As with other local anesthetic agents, the plasma binding of prilocaine may be dependent on drug concentration. At 0.5 to 1.0 mg/mL it is 55% protein bound.

Prilocaine crosses the blood-brain and placental barriers, presumably by passive diffusion.

Factors such as acidosis and the use of CNS stimulants and depressants affect the CNS levels of prilocaine required to produce overt systemic effects. In the rhesus monkey, arterial blood levels of 20 mg/mL have been shown to be the threshold for convulsive activity.

1. Cartridges should not be autoclaved, because the closures employed in cartridges cannot withstand autoclaving temperatures and pressures.
2. If chemical disinfection of anesthetic cartridges is desired, either 91% isopropyl alcohol or 70% ethyl alcohol is recommended. Many commercially available brands of rubbing alcohol, as well as solutions of ethyl alcohol not of U.S.P. grade, contain denaturants that are injurious to rubber and, therefore, are not to be used. It is recommended that chemical disinfection be accomplished by wiping the cartridge cap thoroughly with a pledget of cotton that has been moistened with the recommended alcohol just prior to use. IMMERSION IS NOT RECOMMENDED.

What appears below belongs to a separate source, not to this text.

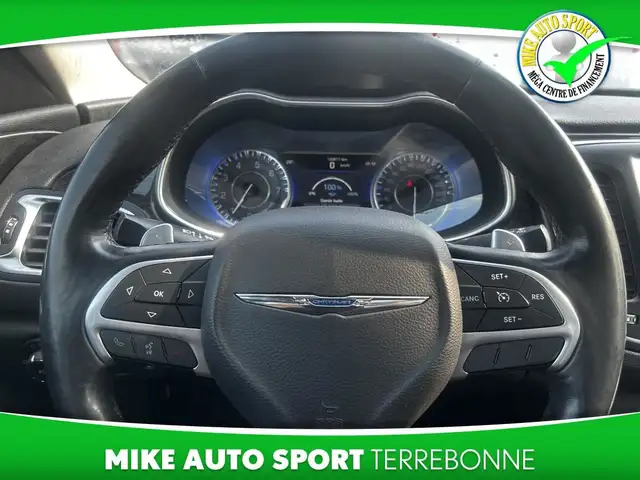 Chrysler 200 C berline 4 portes TA 2016 à vendre in Cars & Trucks in Laval / North Shore - Image 11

3. Certain metallic ions (mercury, zinc, copper, etc.) have been related to swelling and edema after local anesthesia in dentistry. Therefore, chemical disinfectants containing or releasing those ions are not recommended. Antirust tablets usually contain metal ions. Accordingly, aluminum sealed cartridges should not be kept in such solutions.
4. Quaternary ammonium salts, such as benzalkonium chloride, are electrolytically incompatible with aluminum. Cartridges are sealed with aluminum caps and therefore should not be immersed in any solution containing these salts.

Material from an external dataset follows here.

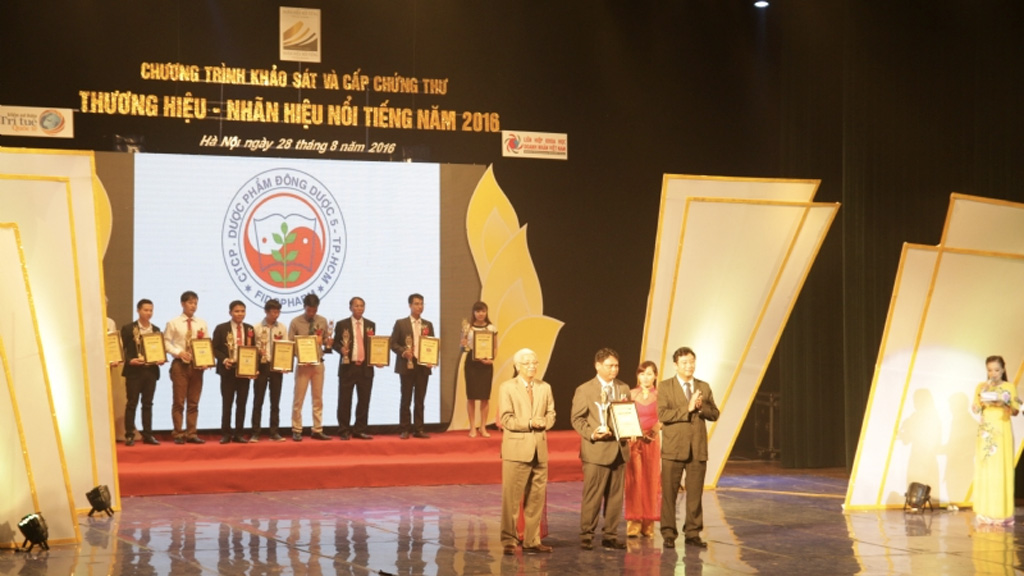 TPCN Sâm Qui Tinh nhận Giải Top 10 "Thương Hiệu - Nhãn Hiệu Nổi Tiếng 2016"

5. To avoid leakage of solutions during injection, be sure to penetrate the center of the rubber diaphragm when loading the syringe. An off-center penetration produces an oval shaped puncture that allows leakage around the needle.
   Other causes of leakage and breakage include badly worn syringes, aspirating syringes with bent harpoons, the use of syringes not designed to take 1.8 mL cartridges, and inadvertent freezing.
6. Cracking of glass cartridges is most often the result of an attempt to use a cartridge with an extruded plunger. An extruded plunger loses its lubrication and can be forced back into the cartridge only with difficulty. Cartridges with extruded plungers should be discarded.
7. Store at 20° to 25°C (68° to 77°F); excursions permitted between 15° to 30°C (59° to 86°F) [see USP Controlled Room Temperature].